Ok quick physics lesson. I am going to over simply some things but the basic message should be sound.


Here is a basic representation of a throw rope (red) and the upstream pull of a rope and the cross current pull of a rope (shown in green). The upper picture shows the rope just as it tags a swimmer. Notice how there is a larger portion of the total pull going towards the shore than upriver. This is good. We want as much of our effort working towards the shore and as little fighting the river.

The second rope shows a few moments after the swimmer is tagged and begins to swing towards shore. Notice how the angle of the pull now means more effort is used to fight the river and less to pull towards shore.


Since the angle of the rope compared to the river is critical one method is to move away from shore. This image shows the same point upstream of the swimmer but one rescuer moves back. Notice the ratio of cross-current pull to upstream pull is better with the rescuer that stands back. The dotted line shows the difference.
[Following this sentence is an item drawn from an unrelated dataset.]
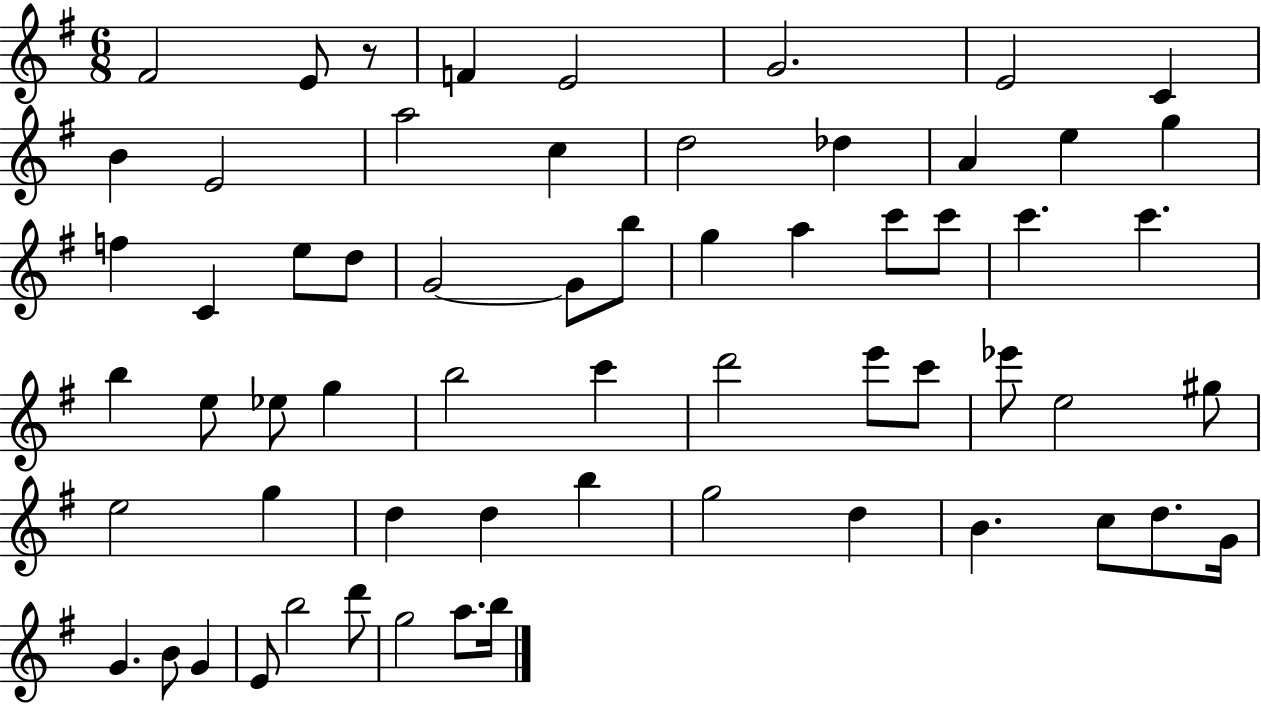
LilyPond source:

Rivers are tough places to move around and stepping back is rarely a simple options particularly in a canyon. Sometimes you have the ability to move downstream. The same effect as stepping back can be gained by pulling on the line downstream of the main anchor/belay. Often a biner on a piece of webbing can be used to slide quickly/easily downstream. This image shows the ratio of cross-current to upstream pull improves with the downstream "vector pull". Again the dotted line shows the difference in efficiency.



These techniques are definitely underused and account for beating up a lot of swimmers who near the shore then catch the full force of the river because so much of the ratio is tilted towards the upstream end.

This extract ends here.